Order Actinistia.—In the Actinistia there is a single fin-ray to each basal bone, the axonosts of each ray fused in a single piece. The notochord is persistent, causing the back-bone in fossils to appear hollow, the cartilaginous material leaving no trace in the rocks. The genera and species are numerous, ranging from the Subcarboniferous to the Upper Cretaceous, many of them belonging to Cœlacanthus, the chief genus of the single family Cœlacanthidæ. In Cœlacanthus the fin-rays are without denticles. Cœlacanthus granulatus is found in the European Permian. Cœlacanthus elegans of the coal-measures is found in America also. In Undina the anterior fin-rays are marked with tubercles. Undina penicillata and Undina gulo from the Triassic are well-preserved species. In Macropoma (lewesiensis) the fin-rays are robust, long, and little articulated. Other genera are Heptanema, Coccoderma, Libys, Diplurus, and Graphiurus. Diplurus longicaudatus was found by Newberry in the Triassic of New Jersey and Connecticut.

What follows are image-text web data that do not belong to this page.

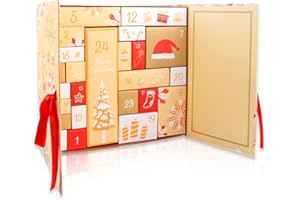 AllLeeGay Christmas Advent Calendars 2023 – 24 Colorful Reusable Boxes for Filling, Advent Calendar Fillers for Kids & Adults, Perfect Christmas Gifts and Presents, Yellow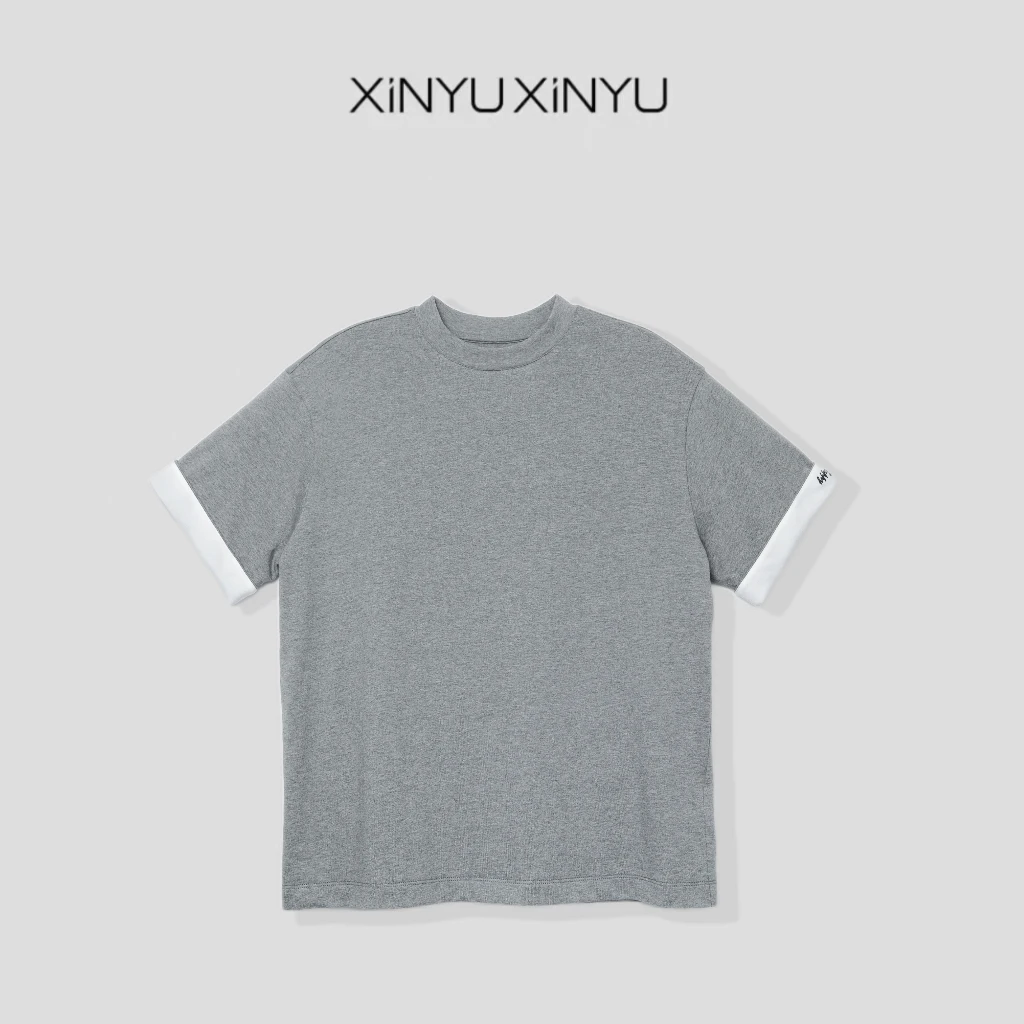 XINYU/芯与100棉定制定染撞色翻边袖口短袖T恤  203291 百搭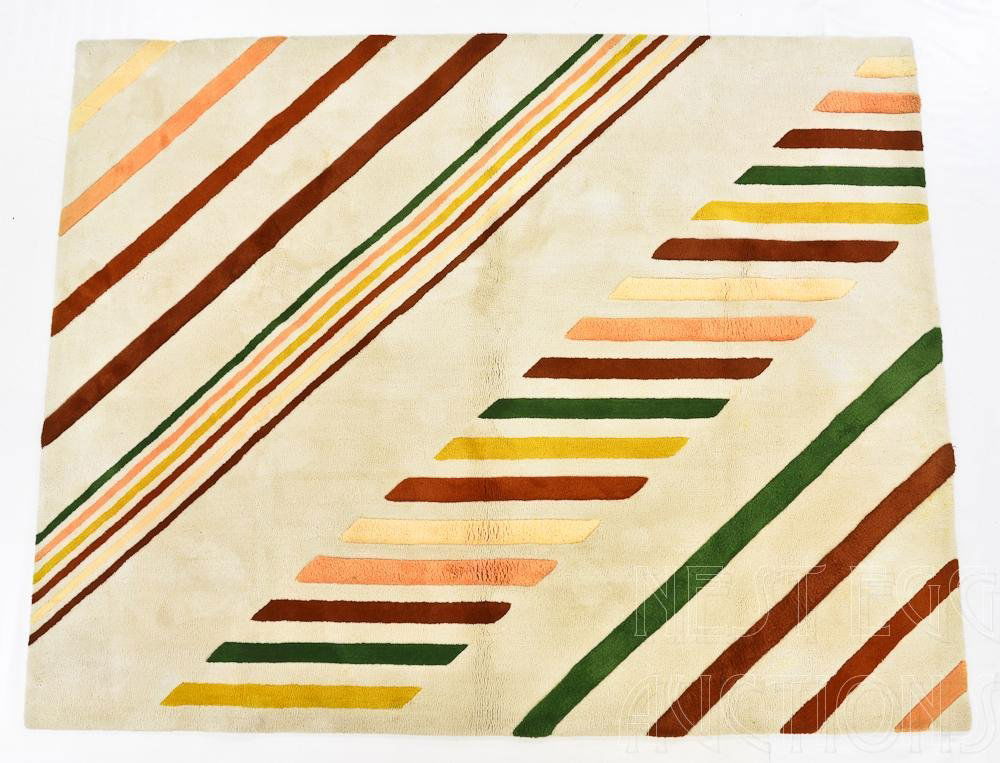 Edward Fields 1970's Custom Wool area rug / Carpet: Dated 1980, Signed en verso. In Cream, Orange, Green, and Yellow. Striking Modern Design, Freshly Cleaned. areas of discoloration. Excellent condition. 96" x 120"
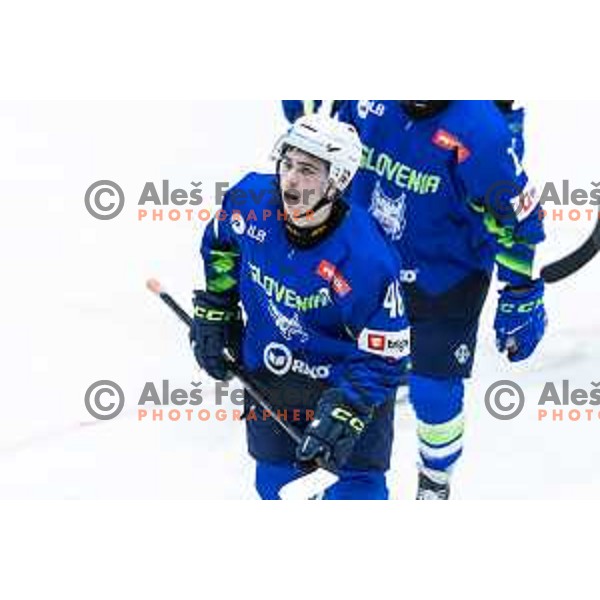in action during World Championship 2025 preparation ice-hockey match between Slovenia and Denmark in Ledna Dvorana, Maribor, Slovenia on April 30, 2025. Photo: Jure Banfi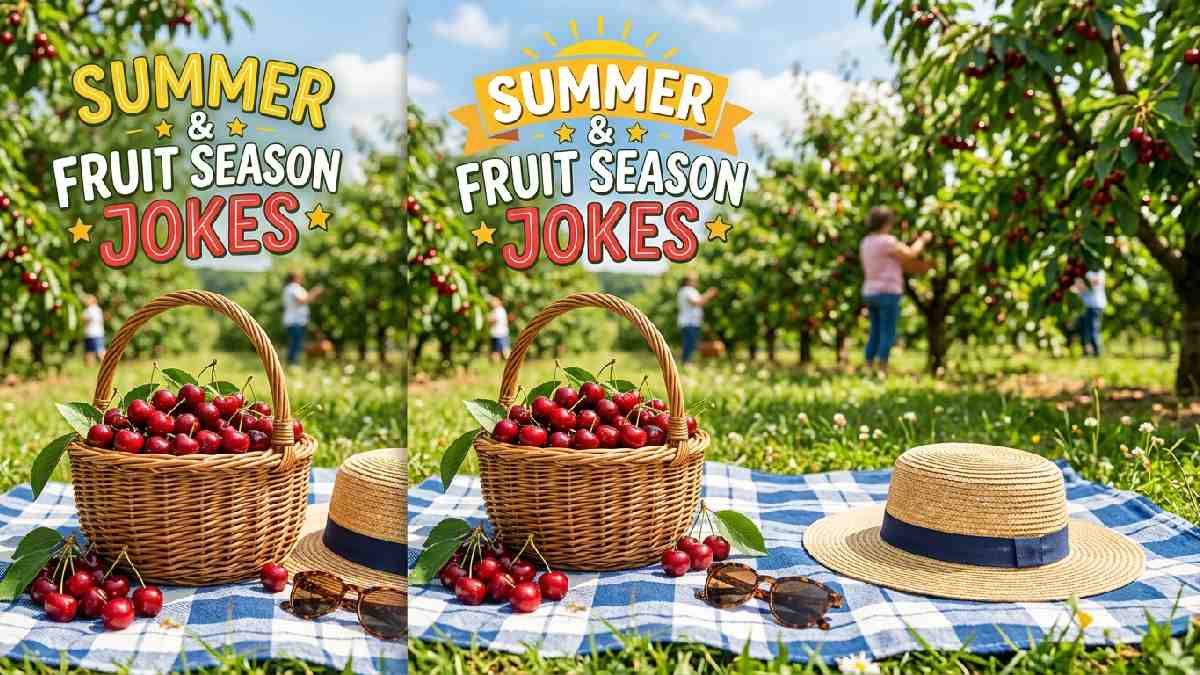 Wicker basket overflowing with fresh cherries on picnic blanket in sunlight representing summer and fruit season cherry jokes.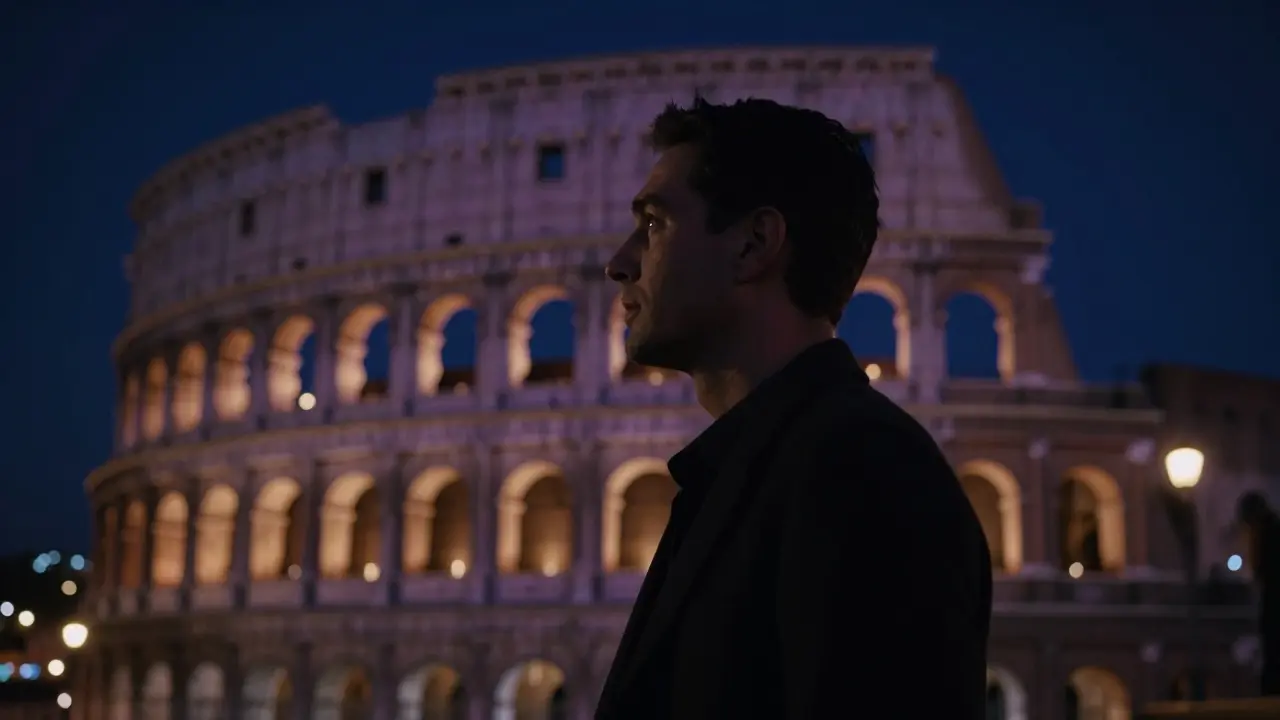Moody night portrait of a figure with city lights in the background.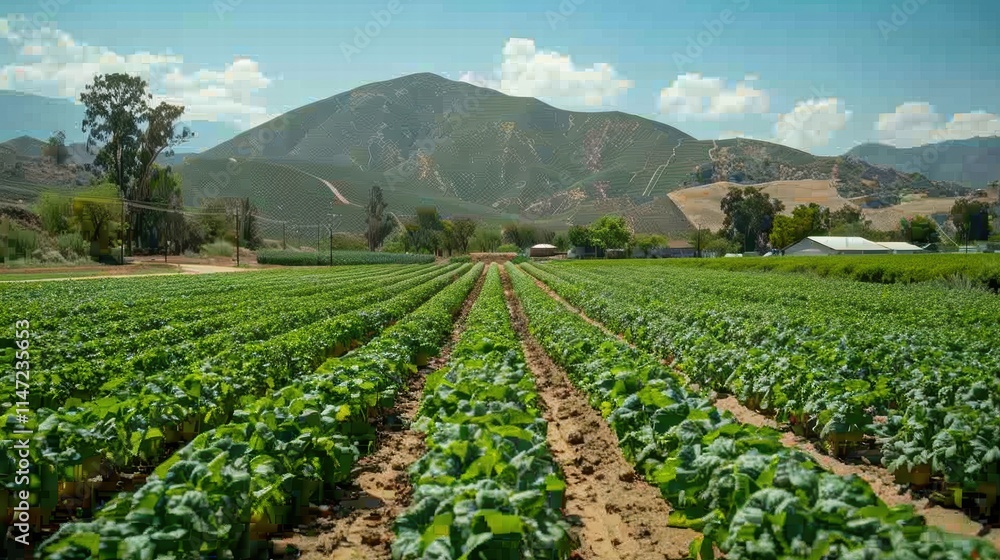 A solar-powered farm setup providing renewable energy to power irrigation and monitoring systems, illustrating sustainable agricultural technology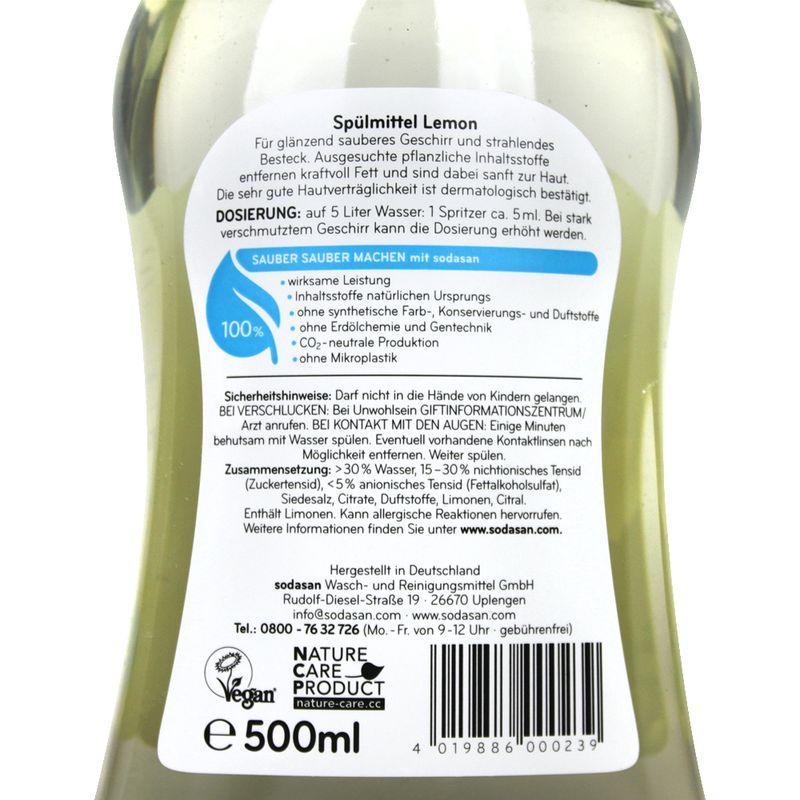 Sodasan Lemon Kitchen Detergent 500ml
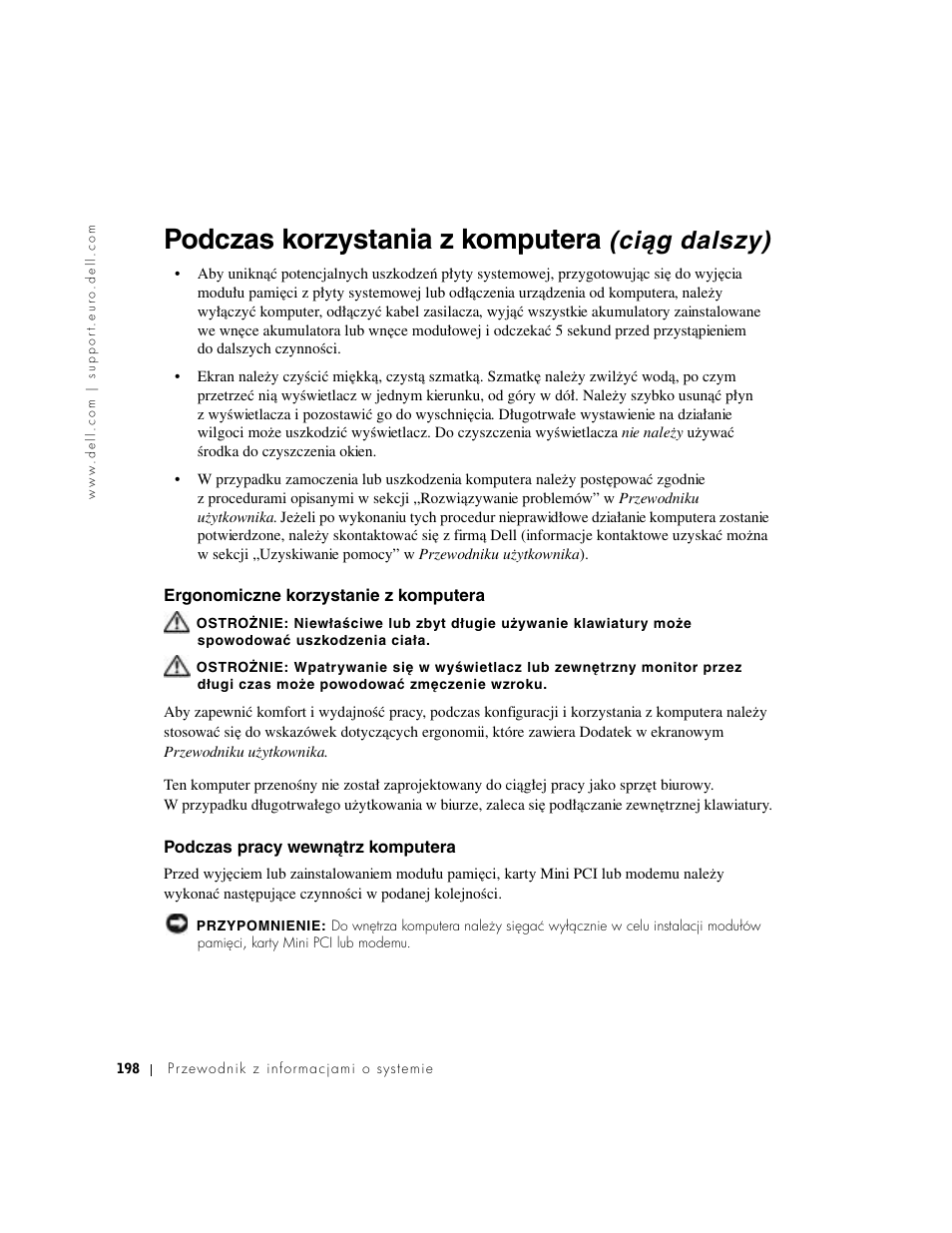 Ergonomiczne korzystanie z komputera, Podczas pracy wewnątrz komputera, Podczas pracy wewnétrz komputera | Podczas korzystania z komputera, Ciąg dalszy) | Dell Latitude D500 User Manual | Page 200 / 352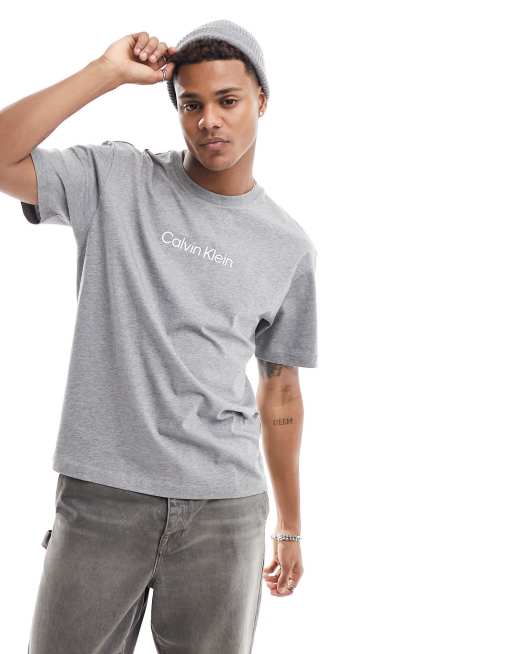 Calvin Klein Hero logo comfort t shirt in mid grey heather ASOS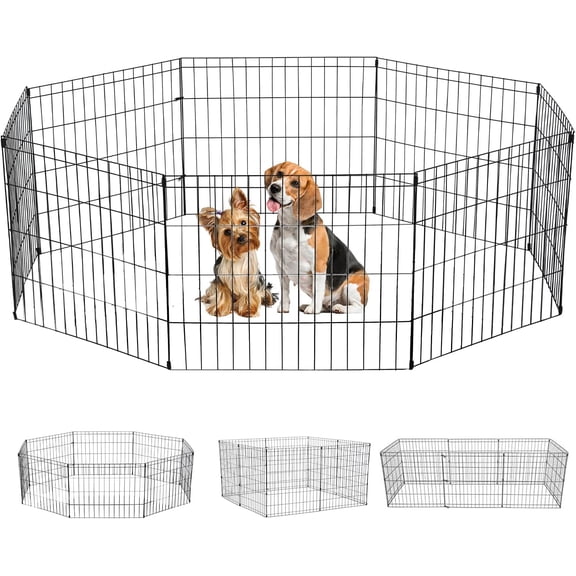 Dog Playpen for Small Medium Large Dogs, 24"/ 30"/ 36"/ 42"/ 48" Indoor Outdoor Metal Wire Pet Exercise Pen, Portable Foldable Yard Puppy Dog Fence for Camping, Black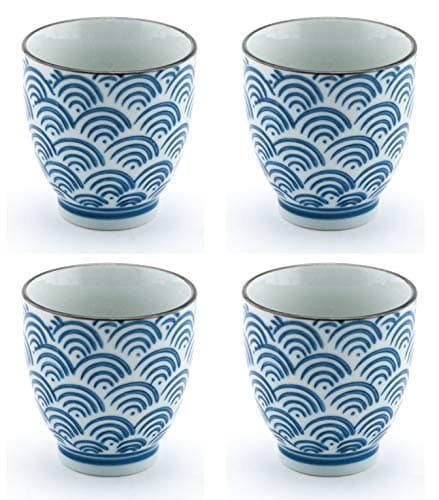 Japanese Style Porcelain Wave Crest Pattern Seigaiha Design Ceramic Tea Cup Set Pack of 4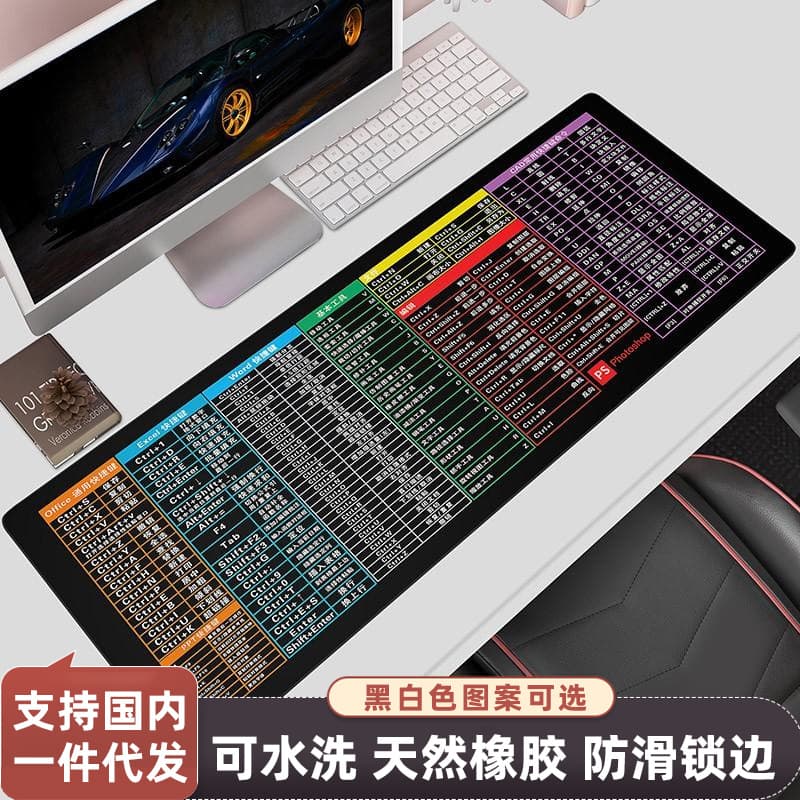 Large Mouse Pad with Office Shortcut Keys, Thick Stitched Edge, Large Desk Pad for Men and Women, Wrist Rest Student Mat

Fig. 376.—Undina gulo Egerton; Lias. Family Cœlacanthidæ. (After Woodward.)

Order Cladistia.—In the Cladistia the axis of the pectoral limb is fan-shaped, made of two diversified bones joined by cartilage. The notochord is restricted and replaced by ossified vertebræ. The axonosts of the dorsal and anal are in regular series, each bearing a fin-ray. The order contains the single family Polypteridæ. In this group the pectoral fin is formed differently from that of the other Crossopterygians, being broad, its base of two diverging bones with cartilage between. This structure, more specialized than in any other of the Crossopterygians or Dipneusti, has been regarded by Gill and others, as above stated, as the origin of the fingered hand (chiropterygium) of the frogs and higher vertebrates. The base of the diverging bones has been identified as the antecedent of the humerus, the bones themselves as radius and ulna, while the intervening non-ossified cartilage breaks up into carpal bones, from which metacarpals and digits ultimately diverge. This hypothesis is open to considerable doubt. The nostrils, as in true fishes, are superior. The body in these fishes is covered with rhombic enameled scales, as in the garpike; the head is similarly mailed, but, in distinction from the garpike, the anterior rays of the dorsal are developed as isolated spines.

The young have a bushy external gill with a broad scaly base. The air-bladder is double, not cellular, with a large air-duct joining the ventral surface of the œsophagus. The intestine has a spiral valve.

The cranium, according to Boulenger ("Poissons du Bassin du Congo," p. 11), is remarkable for its generalized form, this character forming a trait of union between the Ganoids and the primitive Amphibia or Stegocephali. Without considering Polypterus, it is not possible to interpret the homologies of the cranium of the amphibians and the sharks.

The jaws are similar to those of the vertebrates higher than fishes. Tooth-bearing premaxillaries and dentaries are solidly joined at the front of the cranium, and united by a suture to the toothed maxillaries which form most of the edge of the mouth. Each half of the lower jaw consists of four elements, covering Meckel's cartilage, which is ossified at the symphysis. These are the articular, angular, dentary, and splenial (coronoid). Most of these bones are armed with teeth. The palato-suspensory consists of hyomandibular, quadrate, ectopterygoid, entopterygoid, metapterygoid, and palatine elements, the pterygoid elements bearing teeth. In Erpetoichthys only the opercle is distinct among the gill-covers. In Polypterus there is a subopercle also; the suborbital chain is represented by two small bones.

The gill-arches are four, but without lower pharyngeals. The teeth are conic and pointed, and in structure, according to Agassiz, they differ largely from those of bony fishes, approaching the teeth of reptiles.

Fig. 377.—Lower jaw of Polypterus bichir, from below.